Exercise brief
Starting with the line that has "Hotel Minaret&Étterem" in the records below and stopping after the line that has "Casă cu 6 camere cu Teren 482 Mp în Central", output every line exactly and nothing else; skip pictures.
++++ Working data ++++
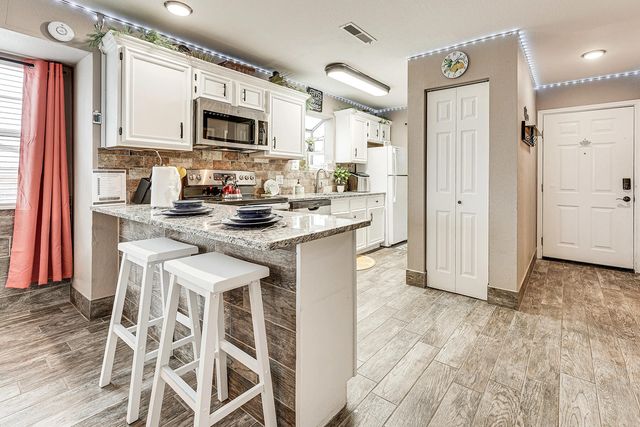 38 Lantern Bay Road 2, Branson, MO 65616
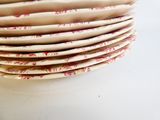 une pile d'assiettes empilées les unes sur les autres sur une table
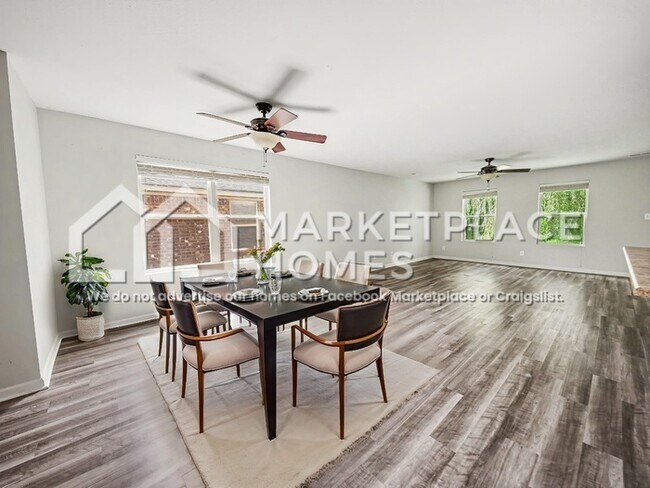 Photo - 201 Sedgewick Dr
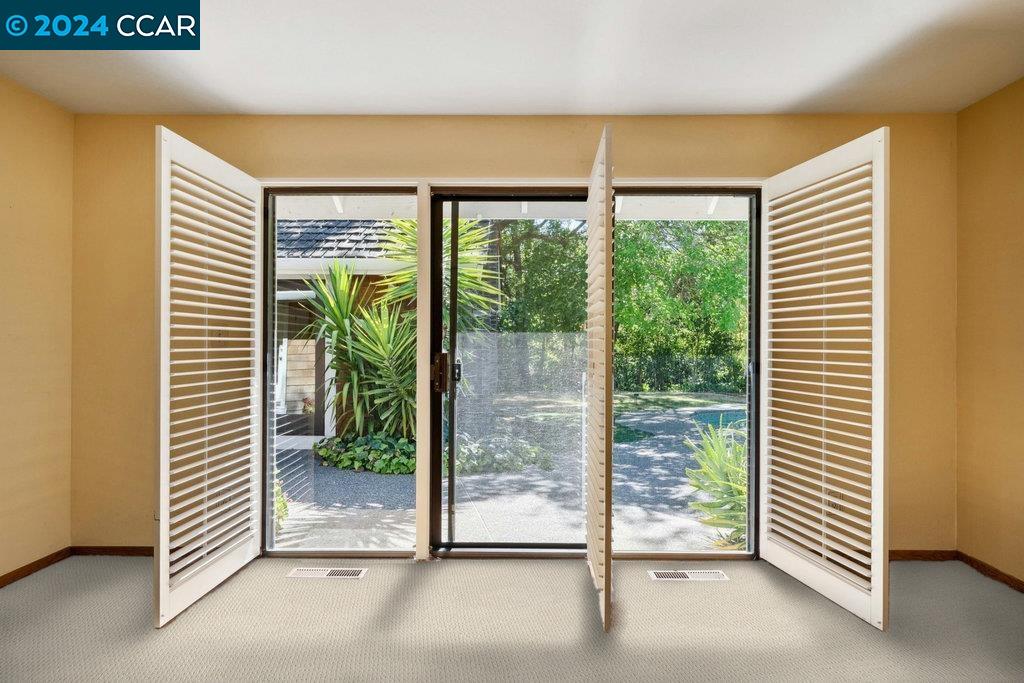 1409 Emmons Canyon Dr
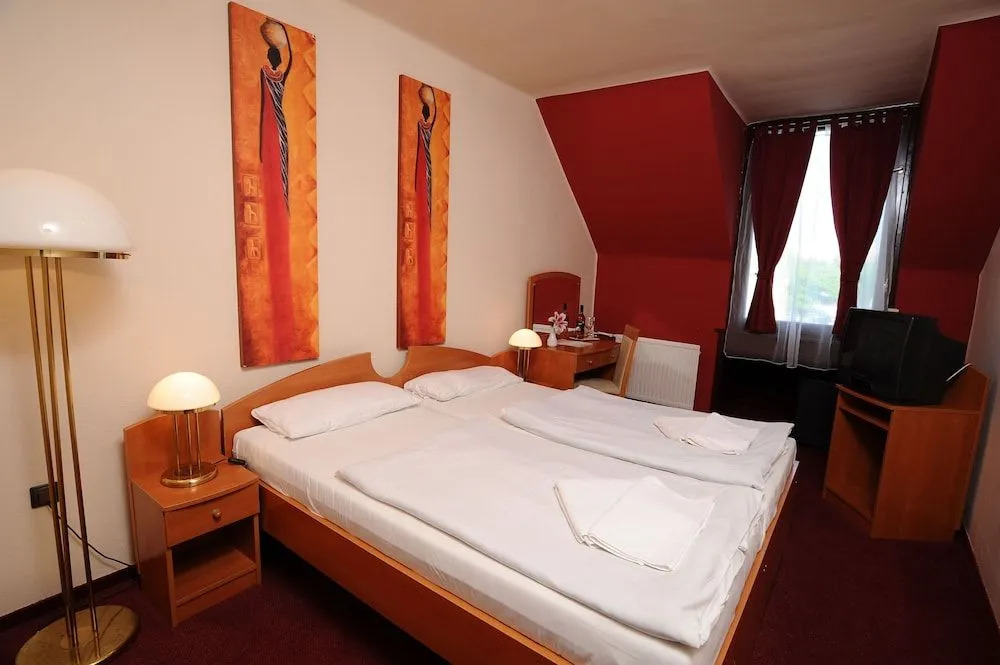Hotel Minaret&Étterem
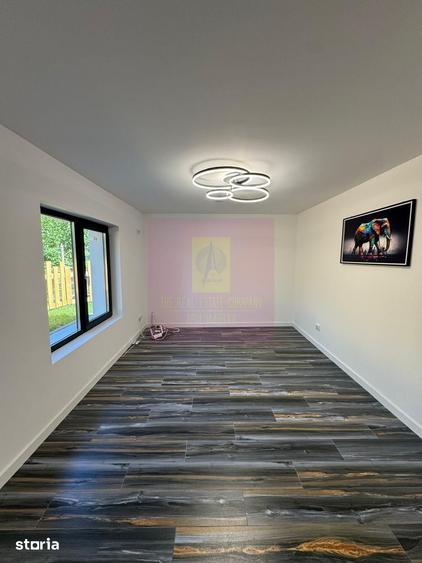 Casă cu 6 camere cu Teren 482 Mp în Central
++++
++++ Working data ++++
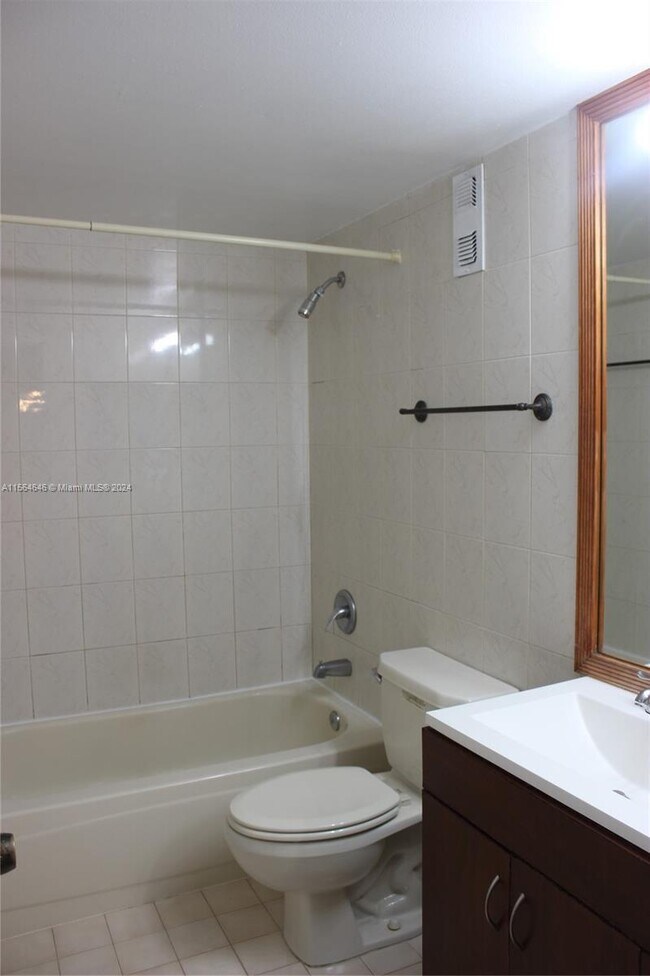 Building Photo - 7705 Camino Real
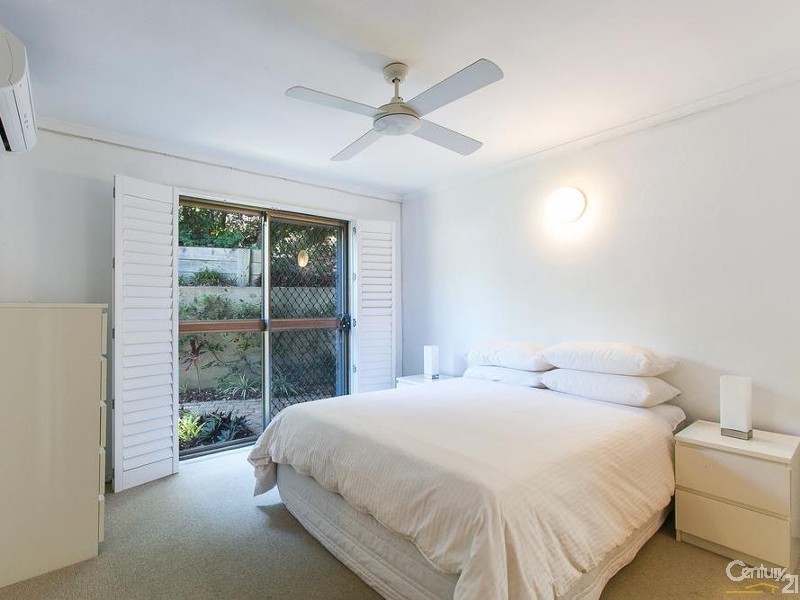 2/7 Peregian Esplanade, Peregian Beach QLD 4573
++++
++++ Working data ++++
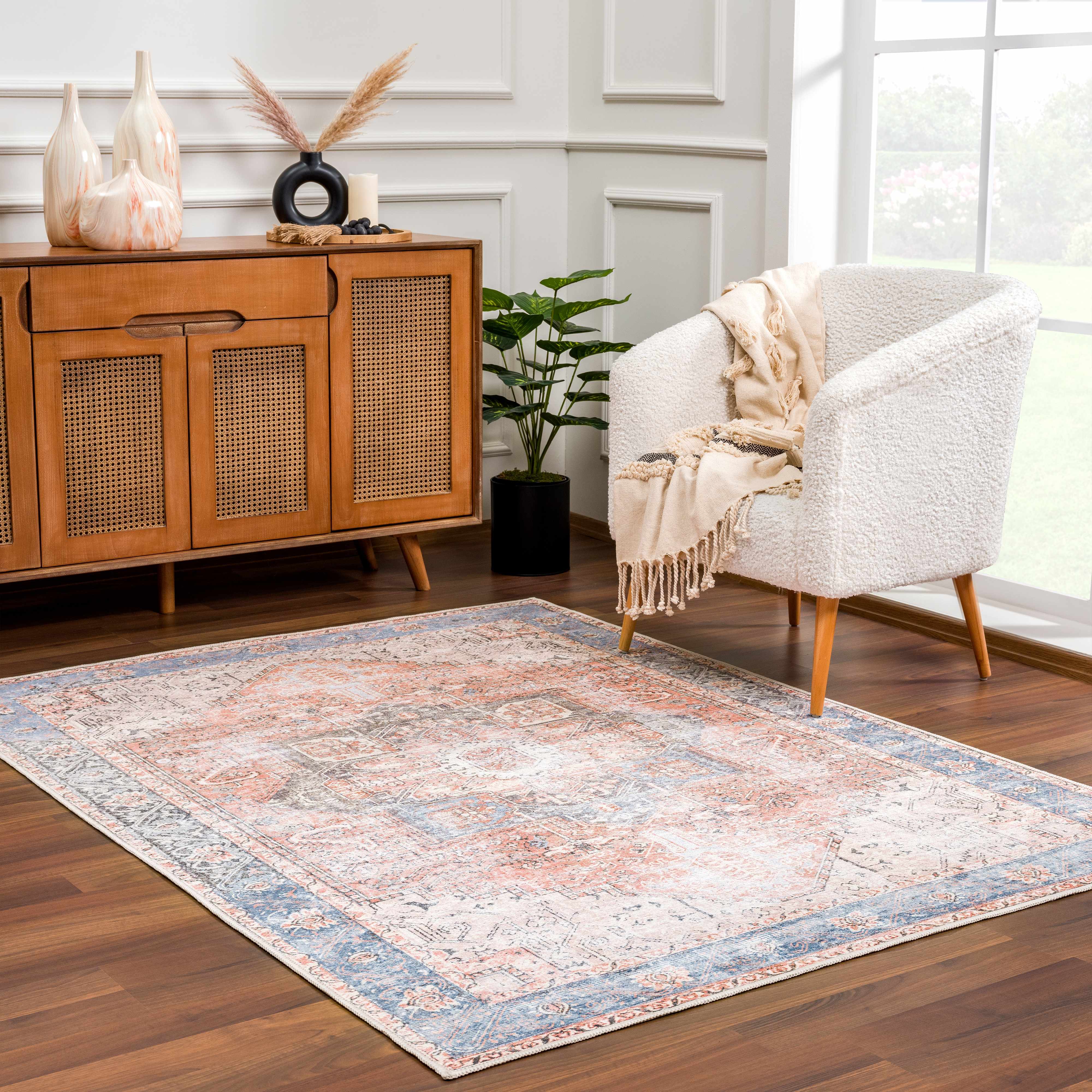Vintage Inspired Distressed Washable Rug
++++
Result of the exercise
Hotel Minaret&Étterem
 Casă cu 6 camere cu Teren 482 Mp în Central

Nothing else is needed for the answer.